The battered hulk of the tender, which was built alongside the Titanic at the Harland & Wolff shipyard in Belfast in 1911, will be towed back to its birthplace.

If funds can be found, it will be restored to its original condition as part of a "Titanic City" theme park, to be created on the Belfast waterfront over 15 years.

The Nomadic, which operated out of Cherbourg in Normandy, also served the Olympic, the Titanic's sister ship. Its interior once contained similar fittings, including bars, elaborate pillars and sweeping staircases. On 10 April 1912, it helped carry the final passengers to the Titanic on its maiden voyage. Five days later the great, and supposedly unsinkable, liner struck an iceberg and foundered in the North Atlantic.

The Nomadic worked out of Cherbourg until 1968 when it was sold for scrap.

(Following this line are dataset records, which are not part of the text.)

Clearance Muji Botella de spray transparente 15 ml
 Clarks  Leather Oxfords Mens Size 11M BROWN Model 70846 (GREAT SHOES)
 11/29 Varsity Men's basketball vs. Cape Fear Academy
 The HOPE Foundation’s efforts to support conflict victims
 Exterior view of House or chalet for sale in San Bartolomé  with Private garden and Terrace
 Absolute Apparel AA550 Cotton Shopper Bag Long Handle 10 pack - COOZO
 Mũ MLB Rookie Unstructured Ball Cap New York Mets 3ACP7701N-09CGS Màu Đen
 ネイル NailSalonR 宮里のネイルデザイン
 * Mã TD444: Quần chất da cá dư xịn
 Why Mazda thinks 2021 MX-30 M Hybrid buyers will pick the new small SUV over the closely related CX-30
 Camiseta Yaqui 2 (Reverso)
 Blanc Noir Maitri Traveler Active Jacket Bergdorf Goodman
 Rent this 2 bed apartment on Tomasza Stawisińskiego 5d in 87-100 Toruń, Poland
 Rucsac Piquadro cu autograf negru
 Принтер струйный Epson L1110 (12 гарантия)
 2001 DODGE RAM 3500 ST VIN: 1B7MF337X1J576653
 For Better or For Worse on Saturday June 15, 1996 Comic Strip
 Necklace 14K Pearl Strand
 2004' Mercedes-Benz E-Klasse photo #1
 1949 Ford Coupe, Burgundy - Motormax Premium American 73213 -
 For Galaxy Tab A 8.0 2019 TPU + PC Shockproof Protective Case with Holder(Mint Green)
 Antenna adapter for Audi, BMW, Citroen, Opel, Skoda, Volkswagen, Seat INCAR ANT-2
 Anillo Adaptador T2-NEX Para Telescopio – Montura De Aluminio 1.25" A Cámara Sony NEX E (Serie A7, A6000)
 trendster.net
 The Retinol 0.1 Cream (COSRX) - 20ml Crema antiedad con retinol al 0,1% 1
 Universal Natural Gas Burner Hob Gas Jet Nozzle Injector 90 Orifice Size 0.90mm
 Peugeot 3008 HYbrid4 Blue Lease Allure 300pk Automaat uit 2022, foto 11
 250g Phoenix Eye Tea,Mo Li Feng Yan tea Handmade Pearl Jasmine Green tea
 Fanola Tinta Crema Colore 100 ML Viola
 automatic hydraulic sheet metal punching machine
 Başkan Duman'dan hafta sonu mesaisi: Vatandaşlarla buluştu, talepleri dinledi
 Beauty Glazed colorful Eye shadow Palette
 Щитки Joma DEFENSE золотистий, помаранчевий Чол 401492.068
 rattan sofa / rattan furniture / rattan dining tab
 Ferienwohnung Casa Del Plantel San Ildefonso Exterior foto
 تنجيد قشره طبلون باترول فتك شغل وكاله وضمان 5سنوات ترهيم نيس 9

But it was rescued and towed up the Seine to Paris, where it became a floating restaurant in the shadow of the Eiffel Tower. The restaurant closed in 1999 and the ship was seized by the Port of Paris authority for non-payment of mooring fees.

The Nomadic, which was towed to Le Havre in 2003, was auctioned by the authority this week for €250,001 (£171,000) a euro more than the reserve price. The Northern Ireland government was the only bidder. It needs private funds to create the theme park, which would include a full-size replica of the Titanic.